A Campobasso un problema che periodicamente si ripropone, con tanto di conferenza stampa, annunci e avvio di procedure, è quello della raccolta differenziata: un cerchio preciso, degno di quello di Giotto, che però non si chiude mai. Il servizio è andato avanti per gradi, lentamente negli anni, con difficoltà sempre evidenti a carico di più di un’amministrazione civica, a prescindere dal colore politico. Poco fa è stata annunciata l’attivazione del servizio nella Zona industriale, uno dei tasselli che mancava ancora; ma, come detto, il cerchio neanche questa volta si è chiuso, nel senso che un’ampia fetta della città, la zona che va dal centro a Vazzieri, è ancora ferma al palo. Sono passati veramente tanti anni, troppi e non si capisce come mai il servizio non sia stato completato in una città, che certo per il Molise ha certe dimensioni, ma non è né Roma, né Milano. Resta anche da capire perché, quando si parla di questa zona, agli annunci non seguano mai i fatti o almeno seguano con il contagocce. Ricordiamo solo l’ultimo passaggio temporale di quella che sembra essere una storia infinita.

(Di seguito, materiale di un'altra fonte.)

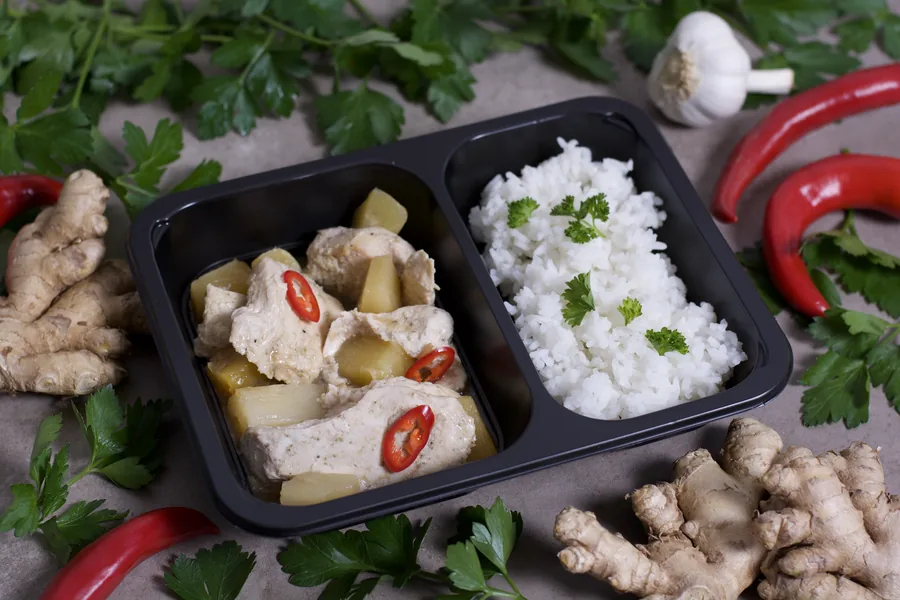 A finished Zdravé stravování meal box, chicken with rice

Nel capoluogo di regione da oltre due anni è stato effettuato il ritiro dei bidoni dell’umido nelle zone dove ancora la differenziata ‘porta a porta’, o meglio condominiale, non era stata effettuata; allora si disse che la misura sarebbe stata transitoria e che nel giro di alcuni mesi si sarebbe provveduto a risolvere il problema. Il lockdown dello scorso anno e i rallentamenti della macchina burocratica cittadina conseguenti la questione potrebbero essere solo una parziale motivazione o giustificazione dello stop, ma a questo punto non ne giustificano lo stato di stallo attuale visto che da allora del tempo è passato e le restrizioni e le difficoltà sono diminuite. Fatto sta che i bidoni per la raccolta ‘porta a porta’ ancora non si vedono in queste zone della città e francamente non se ne capisce il motivo. La gente continua a conferire l’umido nel secco, perché non c’è alternativa; ma è una situazione poco corretta anche dal punto di vista ambientale le cui manchevolezze iniziano a pesare nell’immaginario collettivo, come pesano le mancate risposte dalla parte politica, da quella attuale alle altre a ritroso nel tempo.

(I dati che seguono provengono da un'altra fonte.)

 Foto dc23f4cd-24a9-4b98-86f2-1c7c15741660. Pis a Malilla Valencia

I dubbi si trascinano da anni, a partire dal finanziamento milionario in capo al Comune di Campobasso, che avrebbe dovuto portare alla soluzione del problema e di cui non si sa molto pubblicamente, fatta eccezione per le foto con le cataste di bidoni nuovi (proprio quelli dell’umido che mancano in alcune zone della città) che anni addietro sono state ripetutamente pubblicate a dimostrazione dell’investimento: ma eccetto ciò nulla altro è dato sapere sullo stato dell’arte. Se fosse stato ancora in vita Dario Fo su una questione del genere avrebbe sicuramente elaborato il il ‘sequel’ del ‘mistero buffo’; ma aldilà del grande valore del compianto artista e dell’opera, per la città di Campobasso non sarebbe stata una buona notizia.